Проблема с ППС носит и временной характер — на сегодня на сайте ОЭСР размещена информация по предлагаемым значениям коэффициента ППС для стран, не входящих в ОЭСР, только по состоянию на 2011 год. Очевидно, в России с 2011 года произошли кардинальные изменения в стоимости товаров и услуг.

В России ситуация с ППС еще сложнее — у нас существенно искажены цены на коммунальные услуги, разница в цене на одни и те же товары и услуги в разных регионах достигает сотен процентов, потребительские корзины для разных слоев населения в силу высокого расслоения имеют совершенно разный состав. Официально принятый для расчета уровень ППС России, превышающий 320 %, вряд ли может адекватно отражать сравнительные уровни цен в России и США — достаточно вспомнить, что более половины потребления россиян составляет импорт, что цены на топливо в России и США сегодня примерно одинаковы, что цены на недвижимость сопоставимы, а по целому ряду продуктов потребительского спроса (продукты питания, одежда, предметы быта, бытовая техника, автомобили и прочее) цены в России по отдельным позициям оказываются выше, чем в США. Еще более наглядно выглядит сравнение ППС России и других стран: в Китае официальный ППС равен примерно 180 %, в Киргизии — 330 %. Сложно поверить, что в Китае жизнь в 2 раза дороже, чем в России, а в Киргизии — так же дорога.

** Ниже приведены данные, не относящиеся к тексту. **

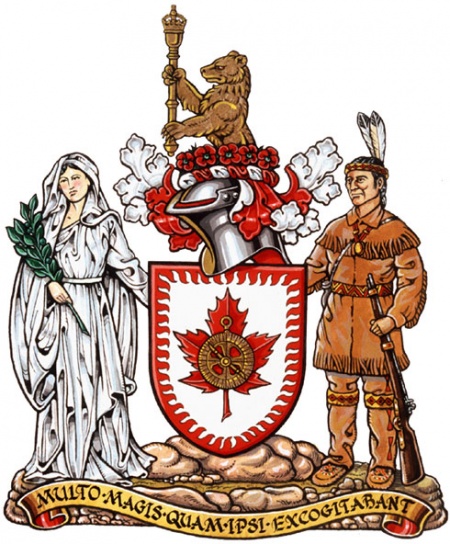 Arms of Dominion Institute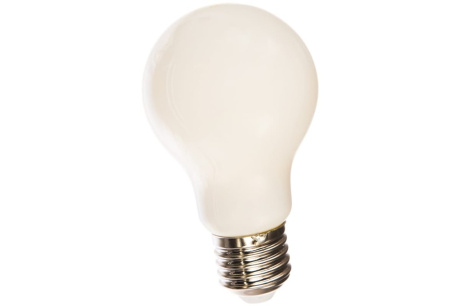 Купить Лампа светодиодная GAUSS диммируемая А60 филамент опал 220V 10W Е27 4100K 860lm 102202210-D фото №1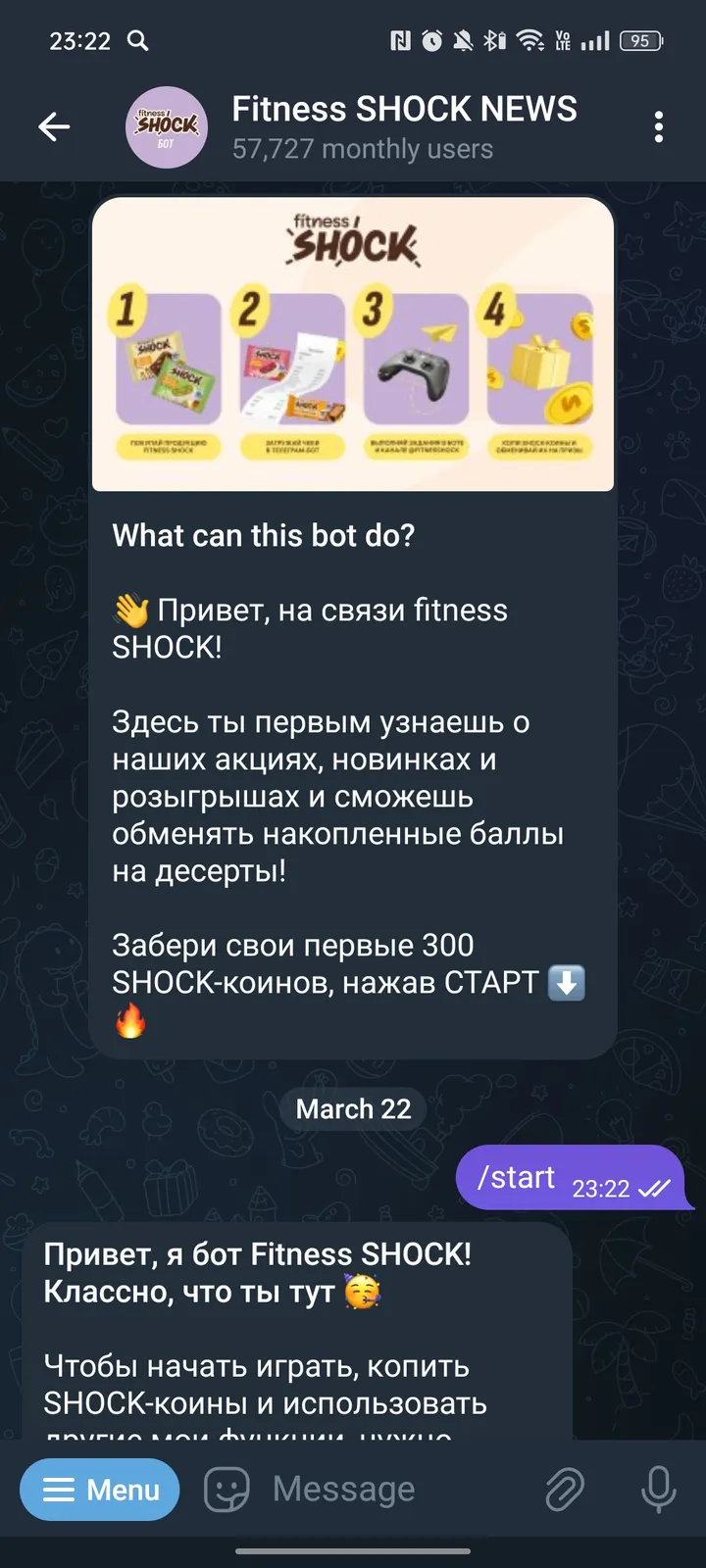 Fitness SHOCK NEWS — Screenshot 1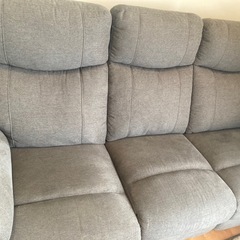 12/25〜12/31希望　ニトリ電動リクライニングソファの画像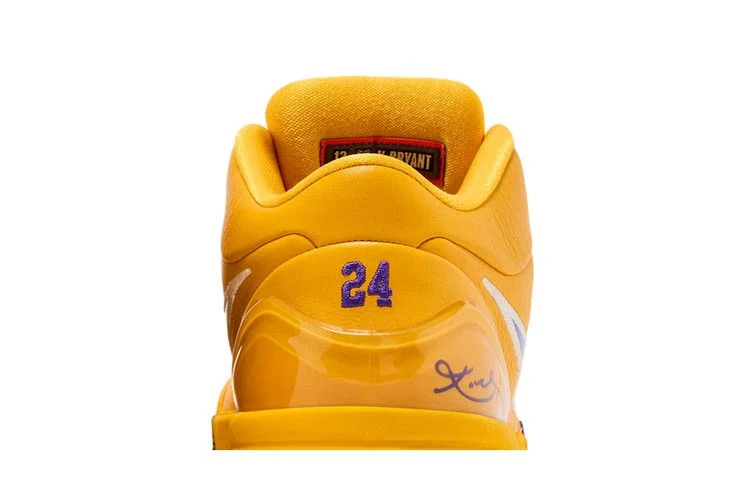Кроссовки Nike Zoom Kobe 4 Protro 'Draft Day Pack - Lakers'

Но даже если бы мы научились адекватно описывать и оценивать соотношения цен, некорректно применять один коэффициент ППС к двум таким разным вещам, как, например, ВВП и доходы домохозяйств. И дело не в том, что ВВП состоит из доходов домохозяйств только примерно на 50 %, а остальное — налоги и корпоративные прибыли. Дело в том, что продуктовая композиция ВВП никак не соответствует потребительской корзине. В российском ВВП 18 % составляют углеводороды и 3 % — продукция агропрома. В потребительской корзине среднего россиянина продукты составляют более 50 %, а топливо — менее 10 %.

Остальная статистика, даже если она касается, казалось бы, совершенно очевидных вещей, тоже неоднозначна. Чего стоит, например, сделанное Росстатом заявление о сокращении количества малых предприятий на 70 000 — почти на 30 %, причем только за последний год? Не многого — в этой статистике предприятия никак не разделены на реально функционировавшие и открытые в свое время про запас. Нет никаких данных о количестве фирм, перешедших в разряд «микропредприятий» из-за изменений в методологии классификации по решению правительства в 2015 году. Более того, подсчет количества предприятий делает не только Росстат, но и ФНС: и данные этих двух организаций расходятся на сегодня на 28 000 предприятий, и неизвестно, как далеки и те и другие от реальности.